To quickly install from git one can use the following command in terminal:

pip install git+git://github.com/bmurauer/pipelinehelper

After which you simply call an instance of the class within a Pipeline.

As an example:

pipe = Pipeline([
    ('scaler', PipelineHelper([
        ('maxabs', MaxAbsScaler()),
        ('stdev', Pipeline([
            ('todense', FunctionTransformer(lambda x: x.todense(), allow_sparse=True)),
            ('std', StandardScaler()),
        ])),
    ]))
    ('svm', LinearSVC())
])

params = {
    'scaler__selected_model': pipe.named_steps['scaler'].generate({
        'maxabs__copy': [True, False],
        'stdev__std__with_mean': [True, False],
        ...
    }),
    'svm__C': [0.1, 1.0],
}

Unfortunately, I did not use this class for my latest assignment due to restrictions such as lack of support for roc_auc scoring, but I decided to play around with it anyways, as optimization of my target is not restricted to roc_auc scoring, but rather the final series of data was marked based on a roc_auc score greater than 0.70. So out of curiosity, could I improve my classifier and parameters in such a way to beat my current roc_auc score of 0.76 that was based on an optimized GradientBoostingClassifier with the parameters:

{'criterion': 'friedman_mse', 'max_depth': 6, 'max_features': 'sqrt', 'n_estimators': 10}

The following is an example function that will iterate through different classifiers with various settings.
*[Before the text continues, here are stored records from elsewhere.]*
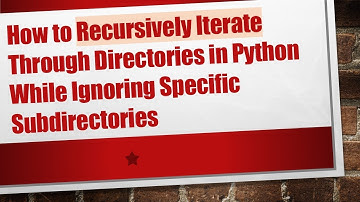 How to Recursively Iterate Through Directories in Python While Ignoring Specific Subdirectories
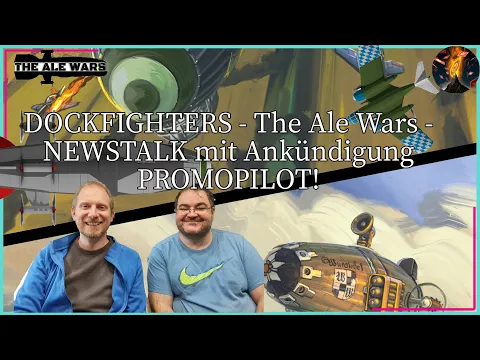 DOCKFIGHTERS - The Ale Wars - NEWSTALK mit Ankündigung PROMOPILOT!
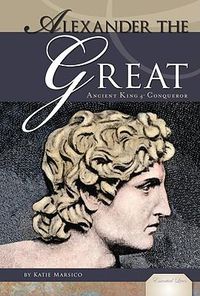 Cover image for Alexander the Great: Ancient King & Conqueror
However, due to the amount of data and time it takes to actually crunch all these parameters, I have commented out the final part of the assignment and will have to update this post later with the best_params_ so that I can resubmit my assignment with its suggestions.

import pandas as pd
from pipelinehelper import PipelineHelper
from sklearn.ensemble import RandomForestClassifier, AdaBoostClassifier, GradientBoostingClassifier
from sklearn.model_selection import GridSearchCV
from sklearn.naive_bayes import MultinomialNB
from sklearn.neighbors import KNeighborsClassifier
from sklearn.pipeline import Pipeline
from sklearn.preprocessing import StandardScaler, MaxAbsScaler, MinMaxScaler
from sklearn.svm import SVC


def blight_model():
    # variables (to be changed if needed)
    train = 'train.csv'
    test = 'test.csv'
    addresses = 'addresses.csv'
    latlons = 'latlons.csv'
    # remove non-existing features from training data or both training and testing data
    features_to_remove_from_train_only = [
        'payment_amount',
        'payment_date',
        'payment_status',
        'balance_due',
        'collection_status',
        'compliance_detail'
    ]
    features_to_remove_general = [
        #         'agency_name',
        'inspector_name',
        'violator_name',
        'violation_street_number',
        'violation_street_name',
        'violation_zip_code',
        'mailing_address_str_number',
        'mailing_address_str_name',
        'city',
        'state',
        'zip_code',
        'non_us_str_code',
        'country',
        'ticket_issued_date',
        'hearing_date',
        'violation_code',
        'violation_description',
        #         'disposition',
        'grafitti_status',
        'state_fee',
        'admin_fee'
    ]

    # https://stackoverflow.com/questions/18171739/unicodedecodeerror-when-reading-csv-file-in-pandas-with-python
    df_train = pd.read_csv(train, encoding="latin-1", low_memory=False)
    df_test = pd.read_csv(test)
    df_addresses = pd.read_csv(addresses)
    df_latlons = pd.read_csv(latlons)

    # remove Null if the violator was found not responsible
    df_train_filtered = df_train[df_train['compliance'].notnull()]
    df_train_filtered = df_train_filtered[df_train_filtered['hearing_date'].notnull()]
    #     df_test_filtered =  df_test[df_test['hearing_date'].notnull()]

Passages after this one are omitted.